The training phase emphasizes exploration using a modified upper confidence bound for tree search criteria to limit the expansion of the search tree. With a uniform prior over the action space (like standard MCTS), you will explore a large number of unlikely actions. The prior provided by the NN allows them to bootstrap the value of leaf nodes _and_ efficiently sample the actions at each state. AZ has eliminated the simulation phase of MCTS entirely.

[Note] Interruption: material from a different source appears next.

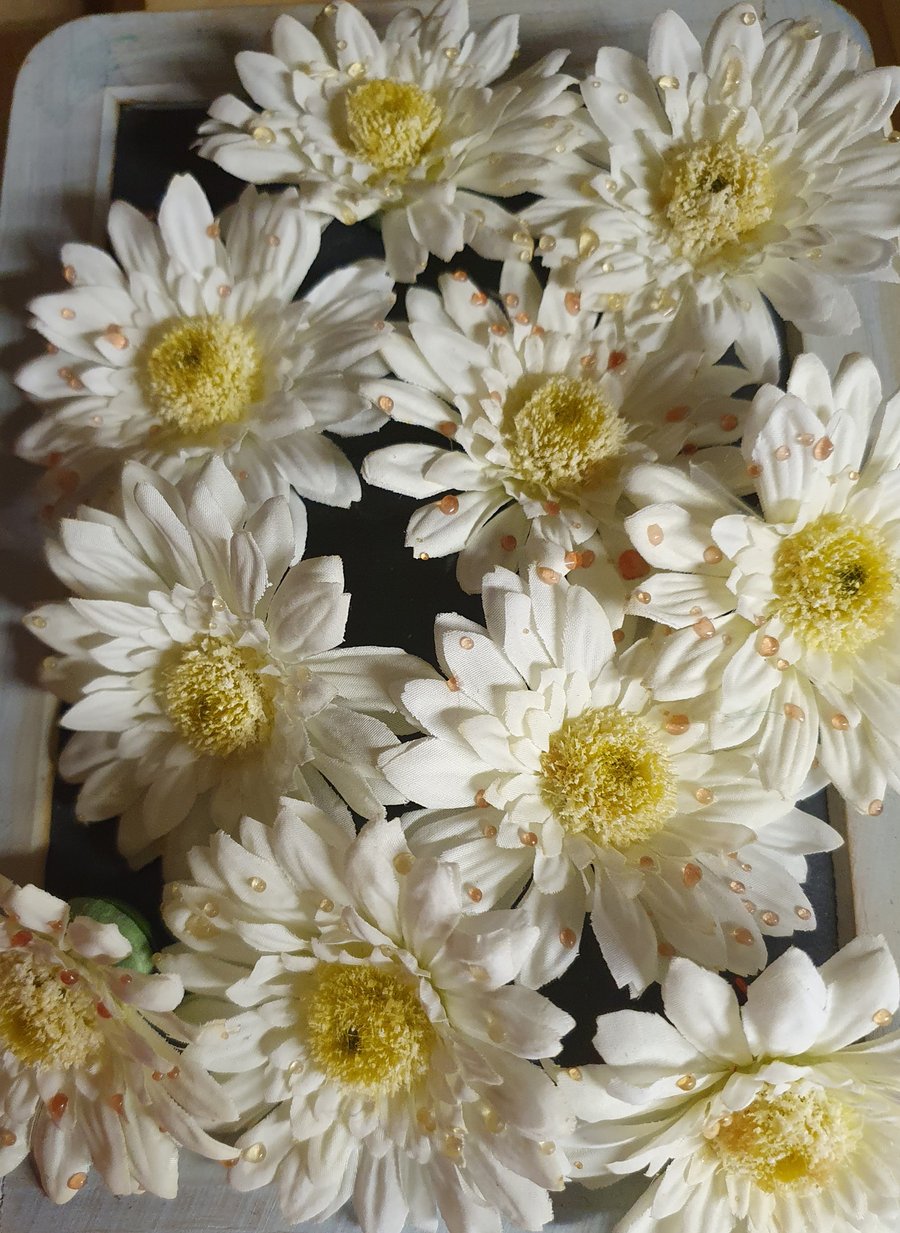 Ten fabric daisies - life-size 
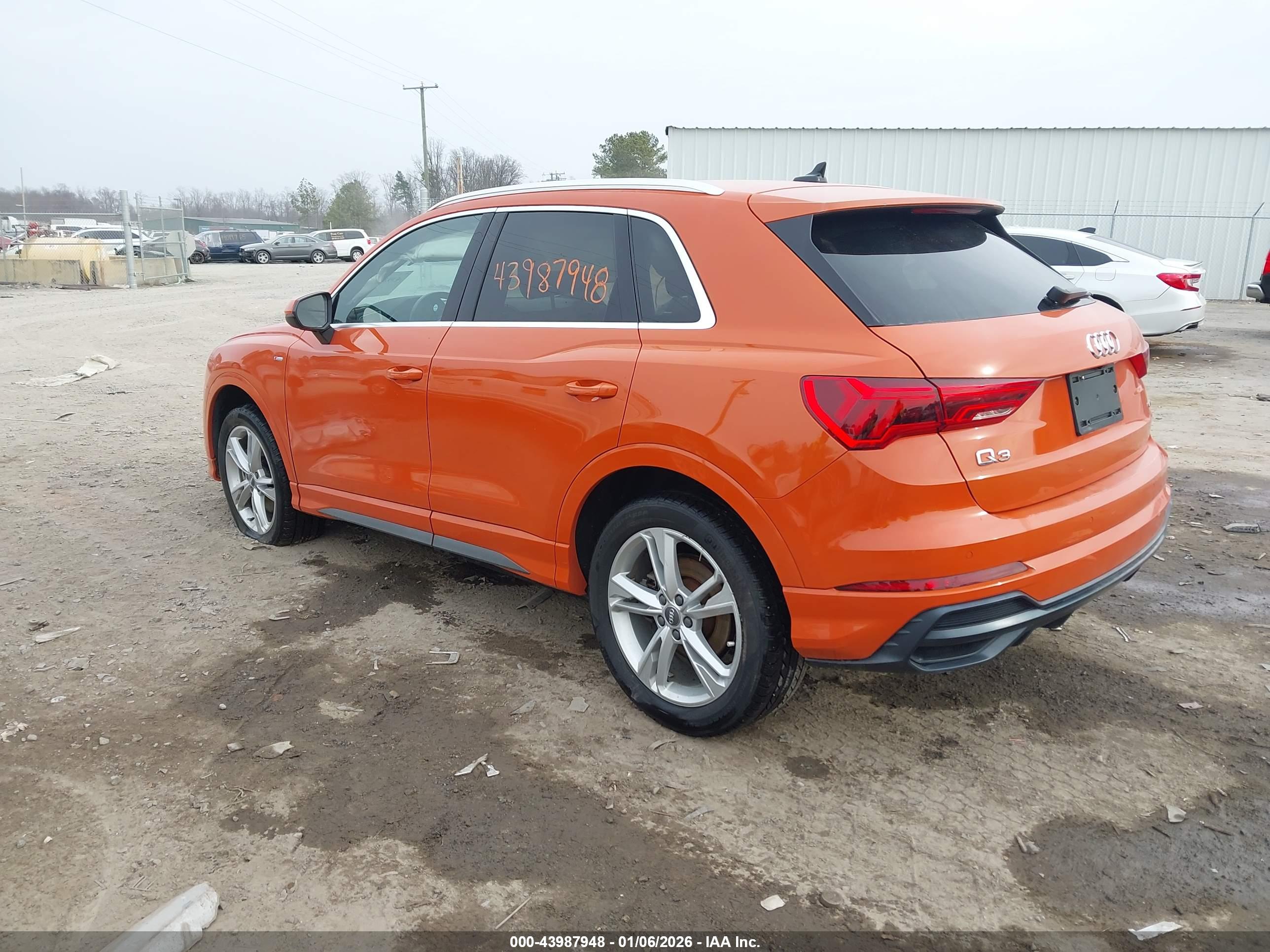 AUDI Q3 image 3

AZ uses different criteria for move selection during training and during competitive play. The competitive selection criteria basically replaces the UCBT criteria with standard argmax over the actions (like a normal RL policy selection). We know that tree pruning can be very effective during search _if_ you can order the nodes in a beneficial way. AZ MCTS uses the output of the NN as the prior instead of a uniform prior, which is like a "virtual" pruning (because moves with low probability in the prior are unlikely to be explored). This tends to more quickly focus the search on strong lines of play, so the algorithm produces strong choices with less search (AZ uses about an order of magnitude fewer expansions than other state-of-the-art MCTS engines).
MCTS has always been popular and probably the best online/out-of-the-box MDP technique. But fundamentally its different than RL methods. In MCTS you assume you have a perfect simulation of the MDP which is rarely true outside of games. MCTS also doesnt really have a learning phase.
> My intuition is that MCTS is better for planning, but takes longer to train/evaluate.
There is no training phase in MCTS, rollouts can take a while, its important to have a fast simulator and rollout policy (like random/UCT).
> Is there some games one will work better than the other?
Sorry, I was referring specifically to AlphaZero's approach in which there is training for the expert policies that guide the MCTS. And yes I'm assuming there is perfect information and it can be simulated. Thanks for the response!
It has been a while since I read the paper, but I believe they have some results where they ran AlphaZero without MCTS, using only the policy network. My recollection is that is still performed pretty well, but it was clearly outperformed by MCTS.
MCTS has gotten really popular as of AlphaZero, but it's not clear to me how this compares to more simple reinforcement learning techniques that just have a softmax output of the possible moves the agent can make. My intuition is that MCTS is better for planning, but takes longer to train/evaluate. Is that true? Is there some games one will work better than the other?